Un grand ras le bol des arrangement CFDT/DIRECTION
Salarié Editis
07/10/2023 à 12:50
Ouah ! Merci pour votre commentaire vous avez dit tout haut ce que beaucoup pensent tout bas. Enfin !! Maintenant que la prochaine direction ne rentre plus là dedans et tout sera parfait. Que font les organisations syndicales quand elles apprennent ce genre de dérive ? Elle ne devrait pas plutôt sévir ? On entend énormément ce genre de problème un peu partout en France et je ne comprends pas ce genre de fonctionnement, il n’y a pas quelque chose à fait contre ça ?. Et par curiosité c’est quoi des arrangements ?
Élu
07/10/2023 à 13:05
Mais c'est que du pipeau cette grève annoncé par le mec de la CFDT sur Malherbes car tout le monde sait que les offices se font sur Tigery et non à Malherbes, il a même réussi à mettre le doute dans la tête des salariés de Malesherbes et Tigery et peut-être aussi de la direction apparemment. Comment les salariés peuvent-ils encore faire confiance à ça ?
Au théâtre ce soir
08/10/2023 à 12:30
Est-ce que tout ça n'est pas plutôt une mise en scène entre la CFDT et l'actuelle direction pour que celle-ci se vente de pouvoir manœuvrer les syndicats auprès du futur actionnaire pour qu'il la garde ou pour négocier son chèque de départ ?????
Modus Vivendi
09/10/2023 à 18:25
Les dirigeants actuels d'Editis , incompétents mais nommés par Bolloré, sont toujours au service de Vivendi. Leur inaction est délibérée, elle favorise évidemment le concurrent Hachette, nouvelle filiale de Vivendi. Ils en seront récompensés un jour ou l'autre en retrouvant un poste dans le groupe Bolloré. Le comble, c'est que la réaction des syndicats va dans le même sens: ils tombent dans le piège tendu par Bolloré et nuisent eux aussi aux intérêts de leur propre groupe au profit de son concurrent.
Le Chao
10/10/2023 à 05:21
C'est le Chao chez Editis, c'est dramatique en ce moment tout ce qui s'y passe. C'est Dallas façon Bolloré ! Il est temps que la commission Européenne mette un terme à tout cela au plus vite en délivrant Editis. Les salariés sont démotivés, fatigués de cette situation qui n'a que trop durée. Kretinsky ne sera jamais pire que Bolloré qui a abîmé ce groupe et ses salariés.

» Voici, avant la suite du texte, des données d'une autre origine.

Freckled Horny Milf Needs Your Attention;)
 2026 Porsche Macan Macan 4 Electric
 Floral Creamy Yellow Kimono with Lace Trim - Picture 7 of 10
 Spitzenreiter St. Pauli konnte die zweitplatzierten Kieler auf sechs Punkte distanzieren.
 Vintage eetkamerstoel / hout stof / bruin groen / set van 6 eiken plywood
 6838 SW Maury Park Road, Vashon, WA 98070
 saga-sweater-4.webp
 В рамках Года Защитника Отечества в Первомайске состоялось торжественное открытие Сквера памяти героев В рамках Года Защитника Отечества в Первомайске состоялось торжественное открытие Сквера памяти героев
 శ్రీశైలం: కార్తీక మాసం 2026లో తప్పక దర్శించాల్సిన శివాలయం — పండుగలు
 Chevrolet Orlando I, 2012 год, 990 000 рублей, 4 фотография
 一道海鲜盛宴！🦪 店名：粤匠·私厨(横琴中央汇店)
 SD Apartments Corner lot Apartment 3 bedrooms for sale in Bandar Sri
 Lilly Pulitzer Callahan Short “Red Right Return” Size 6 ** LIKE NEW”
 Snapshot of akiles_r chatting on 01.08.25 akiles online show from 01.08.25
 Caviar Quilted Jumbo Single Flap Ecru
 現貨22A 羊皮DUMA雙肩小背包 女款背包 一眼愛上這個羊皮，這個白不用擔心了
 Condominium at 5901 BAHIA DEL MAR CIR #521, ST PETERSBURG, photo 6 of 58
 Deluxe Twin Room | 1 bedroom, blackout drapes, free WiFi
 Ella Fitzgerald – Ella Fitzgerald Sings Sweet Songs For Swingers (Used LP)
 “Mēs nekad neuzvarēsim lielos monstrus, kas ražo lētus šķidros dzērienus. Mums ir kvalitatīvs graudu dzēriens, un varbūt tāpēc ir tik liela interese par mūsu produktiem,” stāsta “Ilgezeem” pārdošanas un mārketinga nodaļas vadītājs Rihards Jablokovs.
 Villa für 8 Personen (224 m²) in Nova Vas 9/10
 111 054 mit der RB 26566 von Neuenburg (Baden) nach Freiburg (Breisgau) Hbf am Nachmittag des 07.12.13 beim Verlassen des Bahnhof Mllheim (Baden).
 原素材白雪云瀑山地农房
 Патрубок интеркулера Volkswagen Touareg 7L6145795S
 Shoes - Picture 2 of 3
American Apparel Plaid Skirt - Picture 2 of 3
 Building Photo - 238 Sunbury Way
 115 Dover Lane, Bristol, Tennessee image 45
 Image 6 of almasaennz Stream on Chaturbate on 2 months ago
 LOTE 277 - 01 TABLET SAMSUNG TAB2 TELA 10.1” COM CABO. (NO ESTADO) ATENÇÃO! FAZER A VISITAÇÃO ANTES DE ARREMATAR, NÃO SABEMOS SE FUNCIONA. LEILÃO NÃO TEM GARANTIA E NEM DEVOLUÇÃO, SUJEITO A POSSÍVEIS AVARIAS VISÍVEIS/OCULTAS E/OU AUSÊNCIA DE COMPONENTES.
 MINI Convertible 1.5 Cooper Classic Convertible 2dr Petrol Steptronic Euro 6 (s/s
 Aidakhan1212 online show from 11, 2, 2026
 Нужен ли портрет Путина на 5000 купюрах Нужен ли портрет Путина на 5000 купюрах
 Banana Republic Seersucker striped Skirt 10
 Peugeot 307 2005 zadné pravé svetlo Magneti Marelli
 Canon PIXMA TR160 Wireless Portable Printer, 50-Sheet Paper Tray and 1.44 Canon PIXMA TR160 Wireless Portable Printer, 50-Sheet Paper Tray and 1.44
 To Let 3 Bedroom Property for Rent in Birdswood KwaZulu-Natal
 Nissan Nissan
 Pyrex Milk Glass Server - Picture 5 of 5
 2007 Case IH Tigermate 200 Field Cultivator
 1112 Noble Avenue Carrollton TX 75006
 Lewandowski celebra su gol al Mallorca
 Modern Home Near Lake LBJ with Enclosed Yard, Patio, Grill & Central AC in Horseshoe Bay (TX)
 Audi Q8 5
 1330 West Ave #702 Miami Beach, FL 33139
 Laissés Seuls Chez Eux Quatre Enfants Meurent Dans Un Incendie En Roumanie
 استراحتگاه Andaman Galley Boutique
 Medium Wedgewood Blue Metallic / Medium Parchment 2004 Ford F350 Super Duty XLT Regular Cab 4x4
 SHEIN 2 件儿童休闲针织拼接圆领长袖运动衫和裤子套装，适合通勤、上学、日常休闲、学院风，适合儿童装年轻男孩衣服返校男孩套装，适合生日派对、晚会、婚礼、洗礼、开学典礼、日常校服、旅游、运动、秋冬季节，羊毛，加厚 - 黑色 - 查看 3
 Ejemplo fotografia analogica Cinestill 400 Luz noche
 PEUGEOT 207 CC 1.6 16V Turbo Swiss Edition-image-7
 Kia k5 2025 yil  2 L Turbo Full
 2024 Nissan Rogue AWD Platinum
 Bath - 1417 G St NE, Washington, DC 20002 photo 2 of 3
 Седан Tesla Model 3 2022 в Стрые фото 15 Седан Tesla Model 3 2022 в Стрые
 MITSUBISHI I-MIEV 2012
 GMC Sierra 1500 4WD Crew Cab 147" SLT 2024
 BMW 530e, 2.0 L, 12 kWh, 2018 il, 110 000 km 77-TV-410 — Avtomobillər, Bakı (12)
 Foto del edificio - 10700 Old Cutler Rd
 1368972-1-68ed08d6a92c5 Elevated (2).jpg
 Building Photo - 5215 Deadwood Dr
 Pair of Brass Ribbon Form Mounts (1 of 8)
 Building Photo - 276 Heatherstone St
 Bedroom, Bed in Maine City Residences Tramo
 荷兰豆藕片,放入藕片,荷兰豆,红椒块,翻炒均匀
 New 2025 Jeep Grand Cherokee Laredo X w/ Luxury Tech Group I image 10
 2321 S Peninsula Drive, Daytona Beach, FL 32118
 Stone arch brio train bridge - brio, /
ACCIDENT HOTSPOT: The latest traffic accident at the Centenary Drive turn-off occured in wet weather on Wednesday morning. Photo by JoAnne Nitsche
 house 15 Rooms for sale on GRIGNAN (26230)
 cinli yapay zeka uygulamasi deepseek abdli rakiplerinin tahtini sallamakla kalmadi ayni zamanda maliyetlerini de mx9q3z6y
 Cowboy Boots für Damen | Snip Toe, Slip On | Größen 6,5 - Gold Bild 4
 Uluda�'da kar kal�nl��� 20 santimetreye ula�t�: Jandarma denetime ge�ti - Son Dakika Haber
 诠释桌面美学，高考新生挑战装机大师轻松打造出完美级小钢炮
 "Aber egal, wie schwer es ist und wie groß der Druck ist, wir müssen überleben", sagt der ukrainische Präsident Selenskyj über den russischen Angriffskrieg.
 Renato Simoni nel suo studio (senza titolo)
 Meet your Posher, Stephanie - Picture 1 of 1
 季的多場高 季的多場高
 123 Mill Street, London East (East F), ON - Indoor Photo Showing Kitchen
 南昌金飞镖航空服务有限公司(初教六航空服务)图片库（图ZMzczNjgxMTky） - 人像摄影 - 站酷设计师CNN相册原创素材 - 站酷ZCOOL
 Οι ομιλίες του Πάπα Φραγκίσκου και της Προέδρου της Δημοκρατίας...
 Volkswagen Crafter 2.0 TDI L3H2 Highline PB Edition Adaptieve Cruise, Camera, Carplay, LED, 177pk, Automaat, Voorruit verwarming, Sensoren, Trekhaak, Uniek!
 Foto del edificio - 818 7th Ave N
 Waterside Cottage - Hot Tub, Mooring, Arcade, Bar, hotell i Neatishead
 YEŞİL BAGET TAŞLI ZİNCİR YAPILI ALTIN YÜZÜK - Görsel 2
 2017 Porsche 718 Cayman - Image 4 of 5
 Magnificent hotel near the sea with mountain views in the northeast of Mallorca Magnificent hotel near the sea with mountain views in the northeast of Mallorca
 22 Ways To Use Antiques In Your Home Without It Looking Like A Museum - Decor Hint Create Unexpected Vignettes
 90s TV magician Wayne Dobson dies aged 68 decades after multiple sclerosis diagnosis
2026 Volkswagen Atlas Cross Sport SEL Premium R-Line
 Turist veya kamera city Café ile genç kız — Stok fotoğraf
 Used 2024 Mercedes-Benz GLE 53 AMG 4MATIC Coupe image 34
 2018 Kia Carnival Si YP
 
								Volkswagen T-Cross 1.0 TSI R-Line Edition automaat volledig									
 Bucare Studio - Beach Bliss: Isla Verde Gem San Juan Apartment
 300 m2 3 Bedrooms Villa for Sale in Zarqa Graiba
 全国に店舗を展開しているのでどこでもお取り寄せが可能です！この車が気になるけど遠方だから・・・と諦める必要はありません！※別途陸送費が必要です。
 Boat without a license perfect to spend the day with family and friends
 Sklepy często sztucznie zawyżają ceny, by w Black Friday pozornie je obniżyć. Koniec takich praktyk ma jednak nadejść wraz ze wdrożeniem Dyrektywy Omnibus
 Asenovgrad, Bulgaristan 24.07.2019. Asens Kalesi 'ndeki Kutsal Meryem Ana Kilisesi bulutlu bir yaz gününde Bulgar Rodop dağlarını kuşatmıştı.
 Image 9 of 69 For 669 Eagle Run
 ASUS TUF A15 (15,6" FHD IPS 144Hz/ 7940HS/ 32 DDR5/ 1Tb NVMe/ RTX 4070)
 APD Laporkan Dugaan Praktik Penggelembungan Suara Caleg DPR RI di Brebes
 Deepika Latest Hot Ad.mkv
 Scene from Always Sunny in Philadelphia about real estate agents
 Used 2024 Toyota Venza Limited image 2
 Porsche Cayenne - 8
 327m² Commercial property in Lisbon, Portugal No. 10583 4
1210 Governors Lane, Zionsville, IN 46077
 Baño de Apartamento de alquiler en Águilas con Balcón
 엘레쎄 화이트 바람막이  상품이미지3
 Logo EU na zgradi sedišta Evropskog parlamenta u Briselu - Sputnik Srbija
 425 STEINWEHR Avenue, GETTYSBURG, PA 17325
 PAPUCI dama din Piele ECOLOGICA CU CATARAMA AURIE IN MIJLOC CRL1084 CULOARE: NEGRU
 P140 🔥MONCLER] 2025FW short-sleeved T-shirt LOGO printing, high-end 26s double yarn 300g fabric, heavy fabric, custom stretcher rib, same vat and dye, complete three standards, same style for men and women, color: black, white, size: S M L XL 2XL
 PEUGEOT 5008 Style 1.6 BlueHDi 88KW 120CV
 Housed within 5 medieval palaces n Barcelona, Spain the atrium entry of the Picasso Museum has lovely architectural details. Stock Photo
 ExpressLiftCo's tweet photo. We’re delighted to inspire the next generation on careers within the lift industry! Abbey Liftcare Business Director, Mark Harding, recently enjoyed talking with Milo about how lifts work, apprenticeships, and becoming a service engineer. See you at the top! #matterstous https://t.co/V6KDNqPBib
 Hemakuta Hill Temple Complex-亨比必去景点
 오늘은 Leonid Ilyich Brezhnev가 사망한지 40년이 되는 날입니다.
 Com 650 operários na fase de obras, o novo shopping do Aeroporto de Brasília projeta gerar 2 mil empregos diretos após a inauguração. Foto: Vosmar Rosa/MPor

Nous entendons des choses en ce moment inimaginables qui seront je l'espère entendues et écoutees très sérieusement par Kretinsky. Il devra écouter pour que des remèdes soient trouvés pour réparer Editis et le moral des salariés. Il y a du boulot, un énorme chantier pour reconstruire ce qui a été abîmé, détruit.